One of the biggest hacks in cryptocurrency history occurred on the Bybit platform, resulting in the theft of over $1.4 billion. Shortly after the incident, hackers managed to launder a significant portion of the funds using the THORChain protocol.
50% Stolen Assets Laundered
According to a report from Lookonchain on February 28, 2025, hackers used the THORChain protocol to move and launder the stolen funds. Data disclosed by Lookonchain revealed that by February 28, the Lazarus hacker group had successfully laundered approximately 54% of the stolen funds while still holding 229,395 ETH.
THORChain's Role in Data Handling
THORChain, which had previously assisted Bybit in blacklisting suspicious wallets, became a tool for moving the stolen funds.
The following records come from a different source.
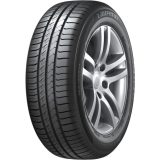Laufenn G Fit EQ + 215/60R17 96H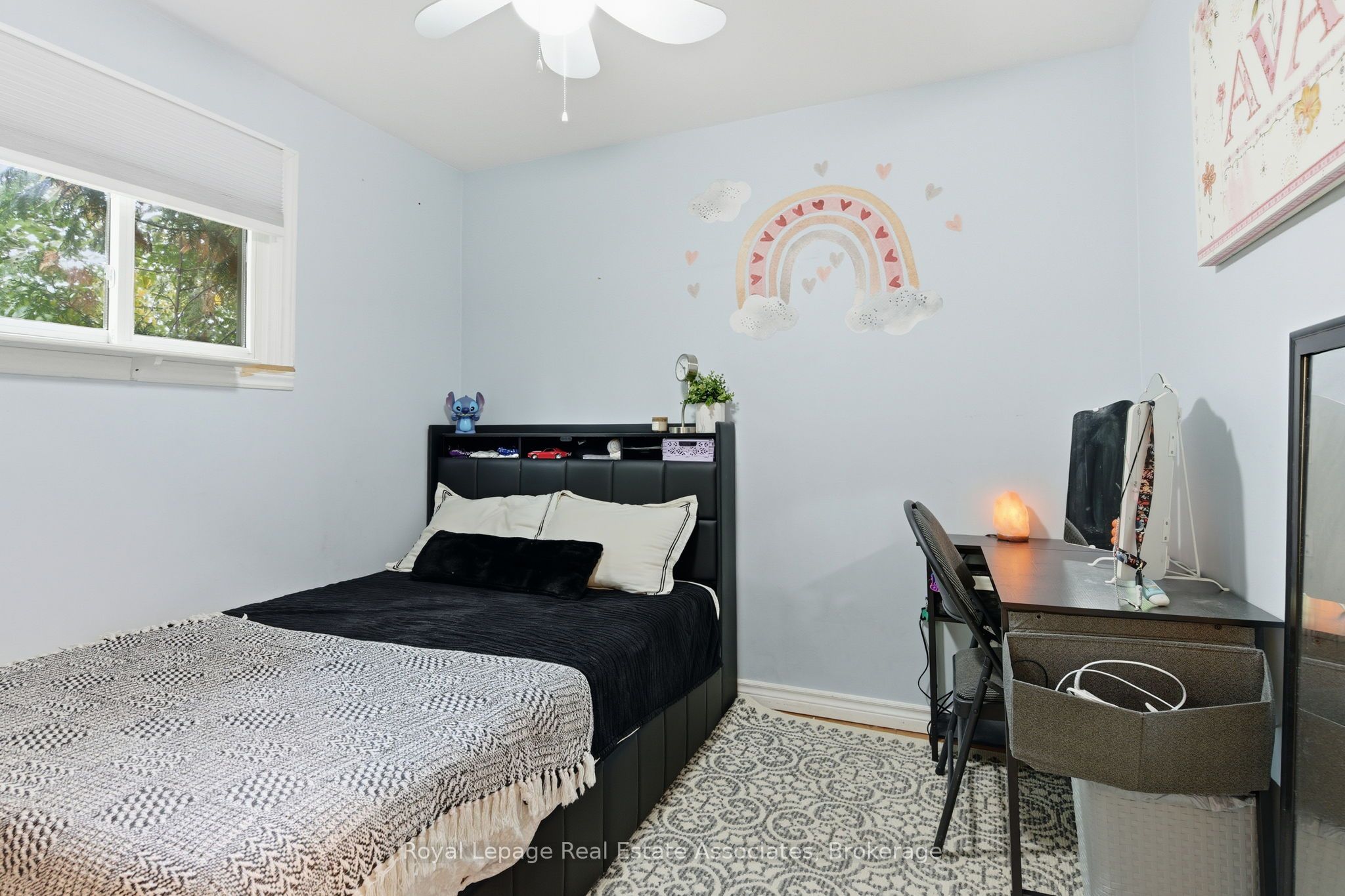 1967 Regional 97th Rd Property Photo 16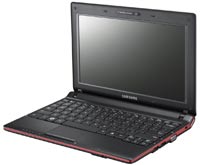 Фото - Ноутбук Samsung NP-N145 (NP-N145-JP02)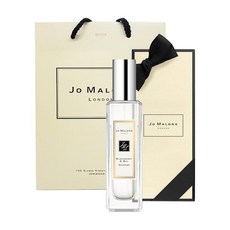 조말론향수30ml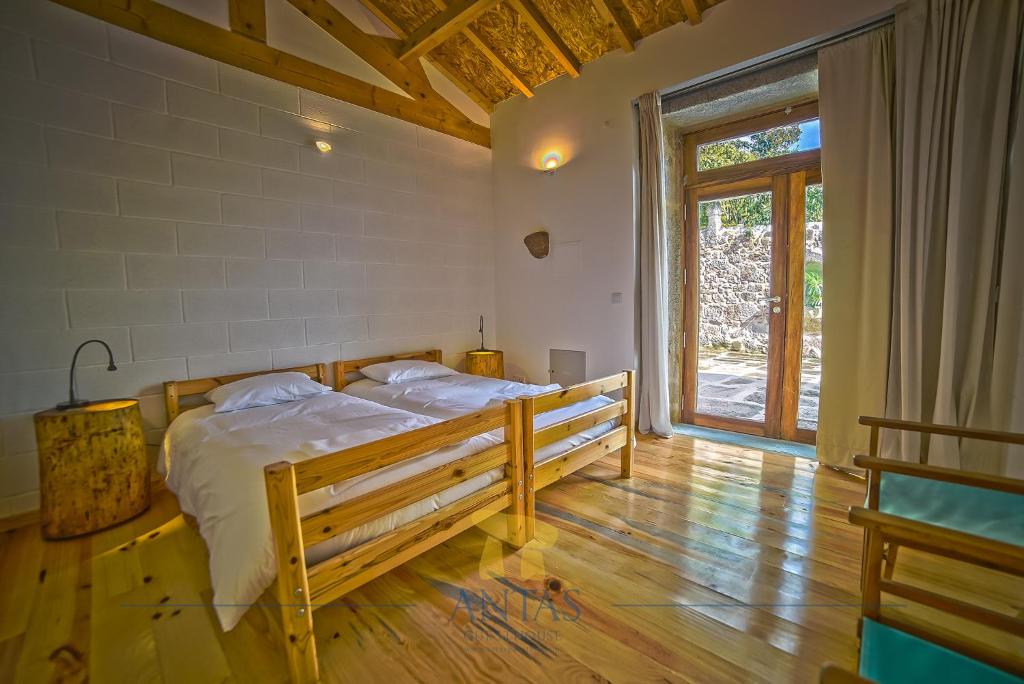 Antas Guest House, Antas — photo 2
According to DefiLlama, this led to a tenfold increase in swap volume through THORChain, from $80 million to $800 million daily.
Community Reaction and Consequences
The Bybit hack sparked controversy in the crypto community, particularly regarding the privacy features provided by THORChain. An internal vote to block transactions associated with the Bybit hack was held but ultimately canceled, as developer Oleg Petrov stated. This resulted in the resignation of a core THORChain developer known as Pluto. Additionally, a validator named TCB threatened to resign if the flow of illicit funds was not stopped.
The Bybit hack highlights the vulnerabilities that still exist in the crypto world. Despite the transparency of blockchain technologies, incidents like this underscore the need for enhanced security and collaboration between regulators and the community.